Hybrid bioelectronic devices
The creation of new technologies that interface functional biological molecules with electronics have the potential to be transformative, particularly for the healthcare sector, but also for chemical engineering, energy generation, and next-generation computing. Current realisations of this hybrid technology are however essentially static; the biological molecules are passive components designed to perform a single, specific function. If biomolecular function and activity could be modulated dynamically and reversibly (e.g. switched on and off) using the underlying electronics, a range of new and disruptive capabilities would arise. This PhD studentship will investigate such dynamic bioelectronic devices in which the underlying electronics will act to control and regulate the function of surface-immobilised synthetic biological machines.
The student will gain comprehensive experience in a range of experimental techniques, including electrochemistry, FTIR, QCM-D and microfabrication. Full-time training for postgraduate students, tailored to their particular degree background, will be provided within the Bio-Inspired Technologies Laboratory. In addition, the project also provides the opportunity to gain experience in biophysics and nanoanalysis through interactions with the York Bioscience Technology Facility and York Jeol Nanocentre.
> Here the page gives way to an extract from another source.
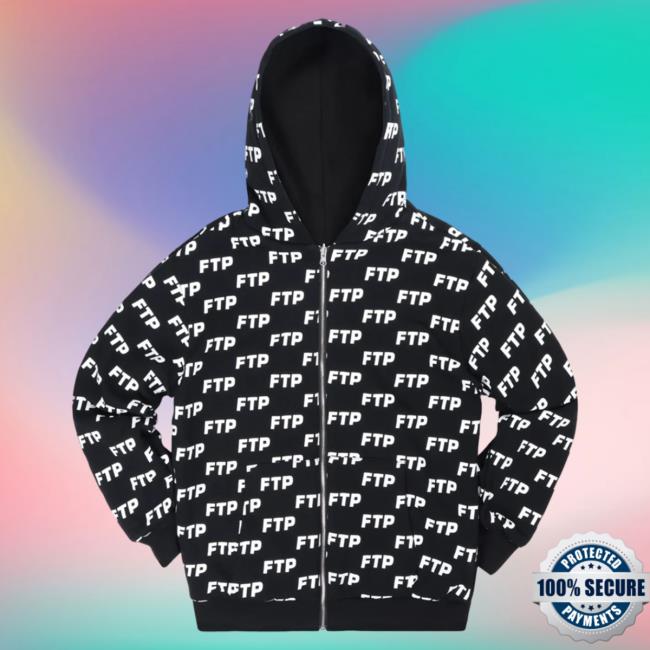 Fuck The Population Clothing Shop Store Ftp Reversible Logo All Over Print Zip Pullover Sweatshirt Black 3D Aop Fuckthepopulation Merch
Further information on our research can be found at:
For further details on this opportunity and how to apply, please visit the Department of Electronics website at:
The studentship will cover the tuition fee at the home/EU rate (£4,165 in 2016/17) and a stipend at the standard research council rate for a period of 3 years (£14,057 in 2015/16) starting in October 2016.
Applicants should hold (or expect to be awarded) a first class or upper-second class bachelors degree or equivalent in physics, electronic/electrical engineering, molecular biology, or surface chemistry.